Having played around with a bunch of different chart concepts for cross-referencing the player’s result dice vs. the Storyweaver’s fate dice to find out what happens with your attempt, I’ve decided to go with a slightly simpler concept and one that produces a bit more even results.
The fate dice are a 3d6 roll that exists more or less irrespectively of the result dice for the check. They’re cross-referenced to a table that has two parts, Wild Fates and Normal Fates
Wild Fates happen when the fate roll comes up triples. Each possible wild result has only a ~0.46% chance of happening, so collectively they occur ~2.76% of the time. Triple 1 and Triple 2 are extremely negative, similar to a critical failure. Triple 3 and Triple 4 are neutral/mixed. Triple 5 and Triple 6 are positive, similar to a critical success.
Wild Fates supersede normal ones, which means the odds of most given normal fate are slightly lower than normal probability analysis would otherwise indicate.

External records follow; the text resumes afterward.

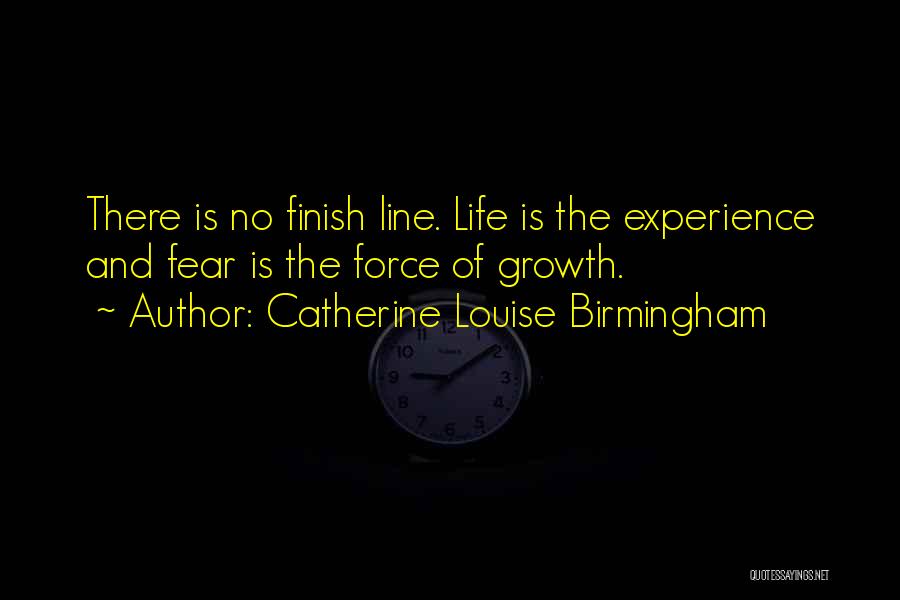 Catherine Louise Birmingham Quotes 2138780
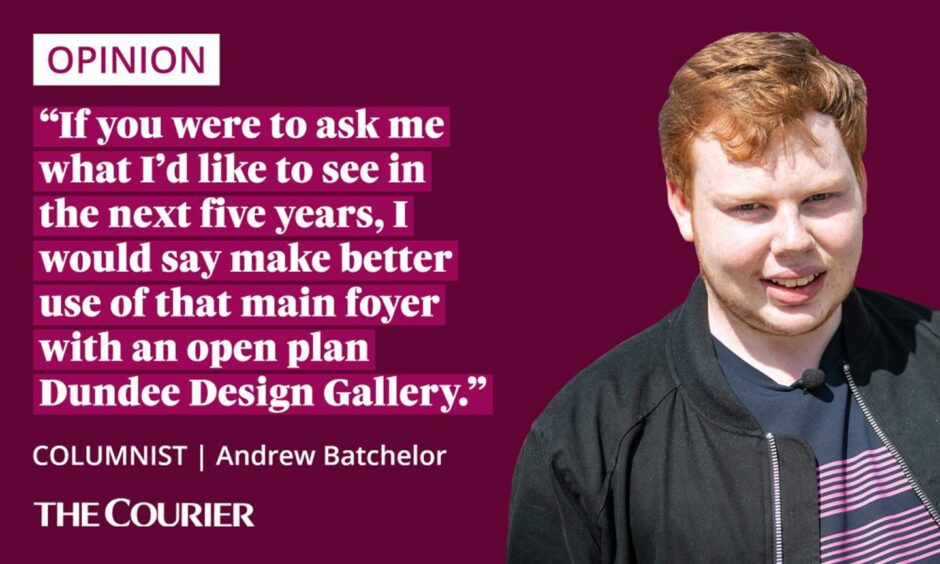 the writer Andrew Batchelor next to a quote: "if you were to ask me what I'd like to see in the next five years, I would say make better use of that main foyer with an open plan Dundee Design Gallery."
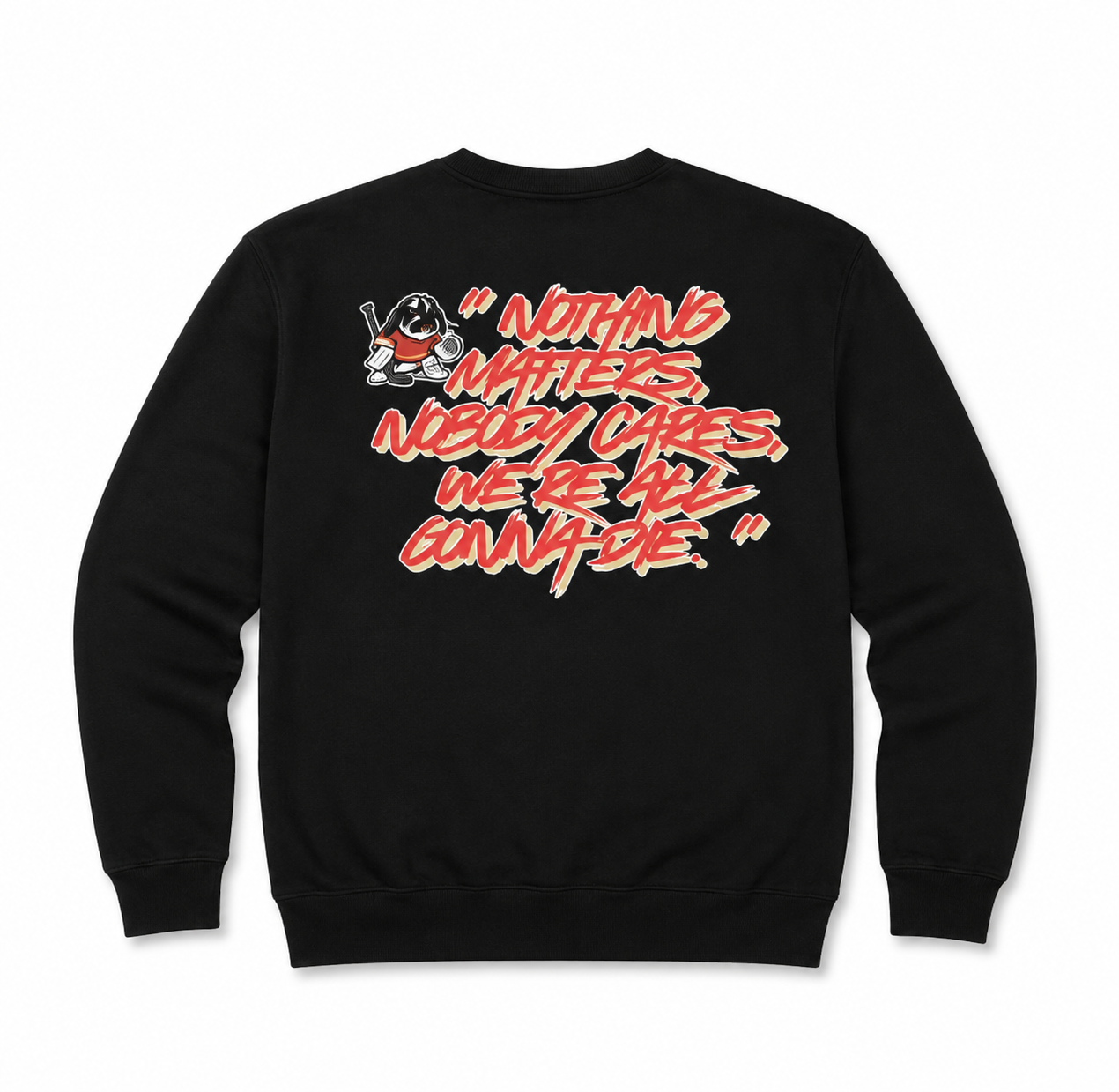 Nothing Matters Tito Hoodie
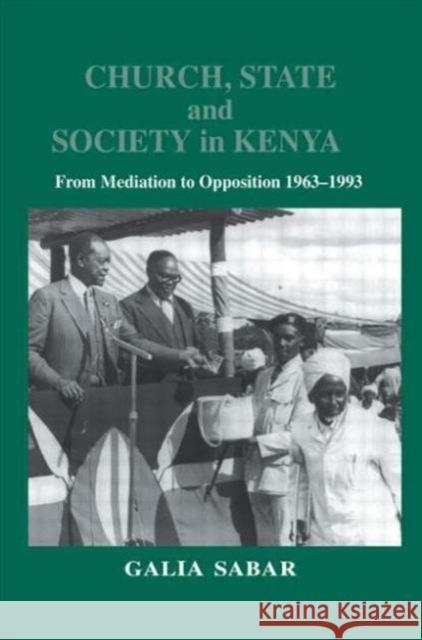 Church, State and Society in Kenya : From Mediation to Opposition Galia Sabar 9780714650777 Frank Cass Publishers
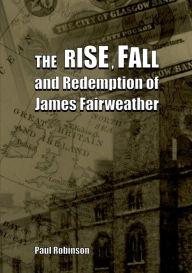 The Rise, Fall and Redemption of James Fairweather Paul Robinson Author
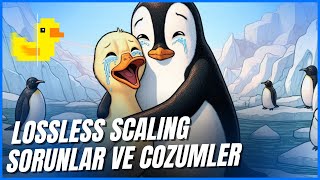 Lossless Scaling  Sorunlar ve Çözümler [upl. by Enovad]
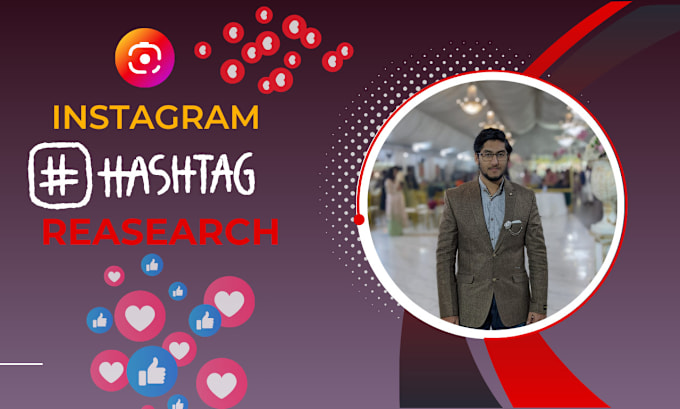 Gig Preview - Research engaging hashtag to grow instagram organically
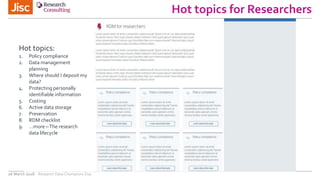Hot topics for Researchers
26 March 2018 Research Data Champions Day
Hot topics:
1. Policy compliance
2. Data management
planning
3. Where should I deposit my
data?
4. Protecting personally
identifiable information
5. Costing
6. Active data storage
7. Preservation
8. RDM checklist
9. …more –The research
data lifecycle
 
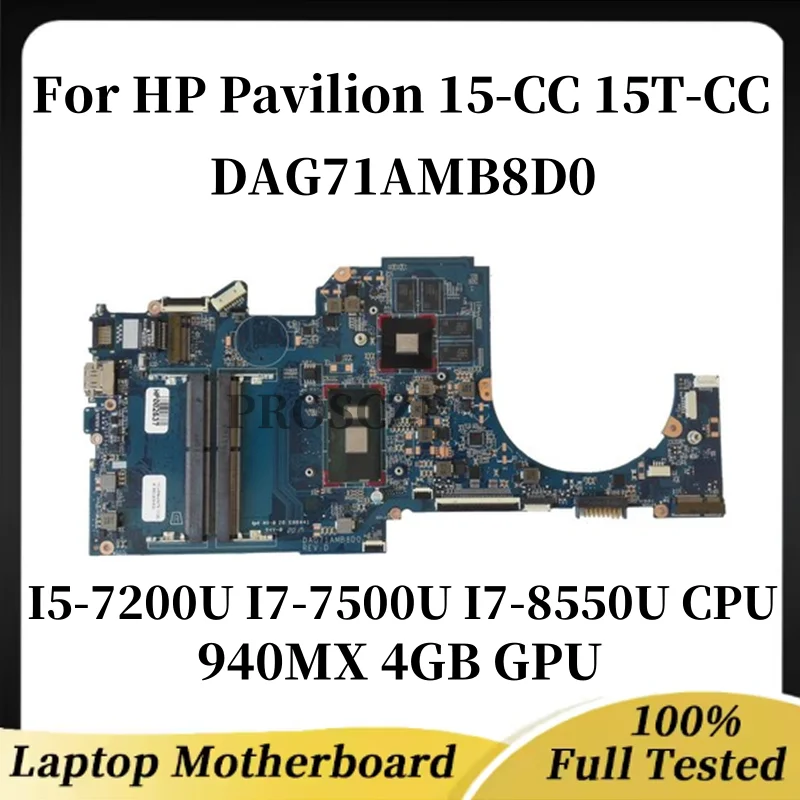 

Материнская плата DAG71AMB8D0 подходит для ноутбука HP Pavilion 15-CC 15T-CC с процессором I5-7200U I7-7500U I7-8550U 940MX 4 ГБ графического процессора 100% тест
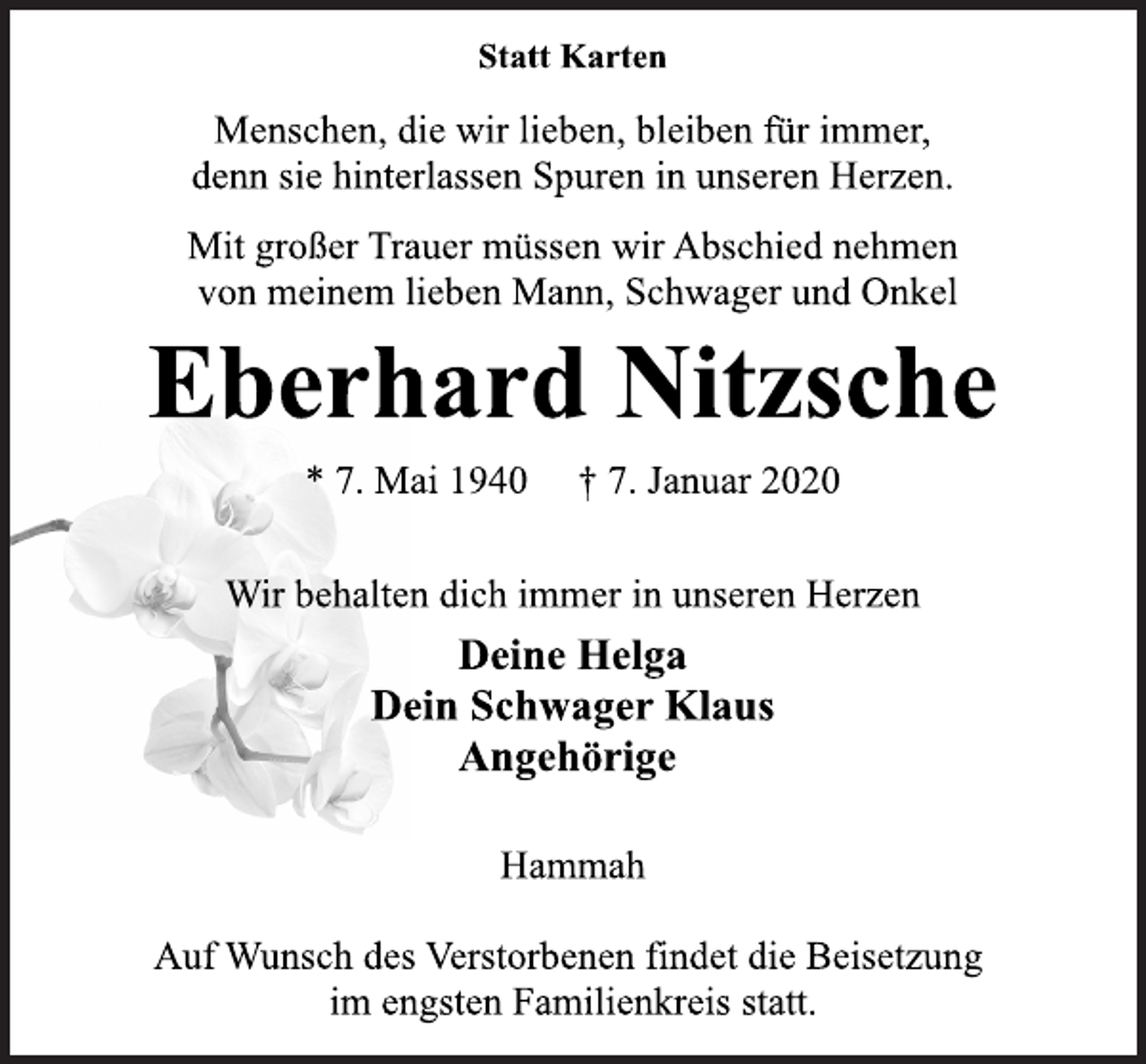 <p>Statt Karten<br />Menschen, die wir lieben, bleiben für immer,<br />denn sie hinterlassen Spuren in unseren Herzen.<br />Mit großer Trauer müssen wir Abschied nehmen<br />von meinem lieben Mann, Schwager und Onkel<br />Eberhard Nitzsche<br />* 7. Mai 1940 † 7. Januar 2020<br />Wir behalten dich immer in unseren Herzen<br />Deine Helga<br />Dein Schwager Klaus<br />Angehörige<br />Hammah<br />Auf Wunsch des Verstorbenen findet die Beisetzung<br />im engsten Familienkreis statt.</p>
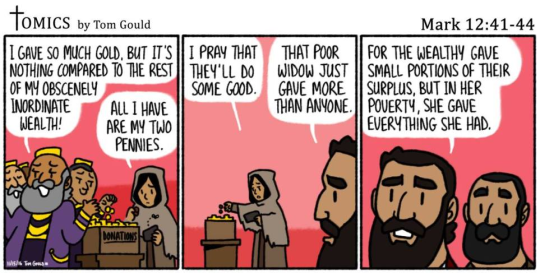 comics - Tomics by Tom Gould I Gave So Much Gold, But It'S || I Pray That Nothing Compared To The Rest | They'Ll Do Of My Obscenely Some Good. Inordinate All I Have Wealth! Are My Two Pennies. Mark 44 That Poor For The Wealthy Gave Widow Just || Small Por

The specifics of the Wild Fates are still something I’m pondering, but I believe the Normal Fate portion of the table will look something like this:
5 or less: Injury! Succeed or faile, you hurt yourself or the person you were trying to help doing it. You gain a Wound or Injury or lose an asset, as the Storyweaver deems appropriate for the situation.
6: Embarrassment! Oops! Through sheer random chance or a moment’s inattention, you managed to make a complete fool of yourself. If you succeeded, your success stands… unless your goal was to impress someone or avoid attention. But still, you’ve hurt your pride. If you failed, you likely landed flat on your face, literally or metaphorically.
7-8: Complication! Oops, there’s a hitch. If you succeeded, then your success has an unexpected downside. If you failed, then something went wrong beyond just failing.
9-12: Situation Normal. You succeed or you don’t.
13-15: Cool! If you succeeded, this means you looked cool doing it, making it look effortless. If you failed, this means you kept your cool doing it, possibly making it seem intentional. A cool result can mitigate some of the results of failure beyond simply not succeeding; trap doesn’t go off, you don’t fall, the target you missed from hiding is still unaware you’re there, et cetera. A cool result on a success is roughly the positive version of an embarrassment: interesting flourish, might help you impress people.
16 or more: Bonus! There’s an unexpected upside, a silver lining to your failure or an unintended but positive outcome to your success. This is effectively a complication in your favor.
A few notes:
- Situation Normal will occur a bit less than half of the time. When it doesn’t, the results are split evenly between positive and negative. On the whole positive outcomes are likely to hold an edge in frequency because of player abilities that focus on improving fate rolls.
- While “Embarrassment” is mechanically weaker a result than “Complication” in most situations, it is ranked as being far less likely because occasional pratfalls are interesting, but frequent ones are annoying. The game is heavily geared towards larger-than-life heroes doing legendary things, so making embarrassment a more frequent outcome of trying to do things is probably not a good design decision.
- Because I love Fool archetypes, you can make a character who is more prone to embarrassments and less prone to injuries and complications as a special ability. As long as you stay away from anything that requires subtlety and don’t care about looking cool, this is an advantage.
- The Wound/Injury distinction: an injury puts one of your character-defining qualities into an impaired state, while a wound puts you one step closer to being out of commission. Which is worse depends on your character’s status. If you’re healthy and completely unharmed, a couple of wounds do nothing. If you’re badly wounded already, having a quality injured lowers your effectiveness but lets you keep going.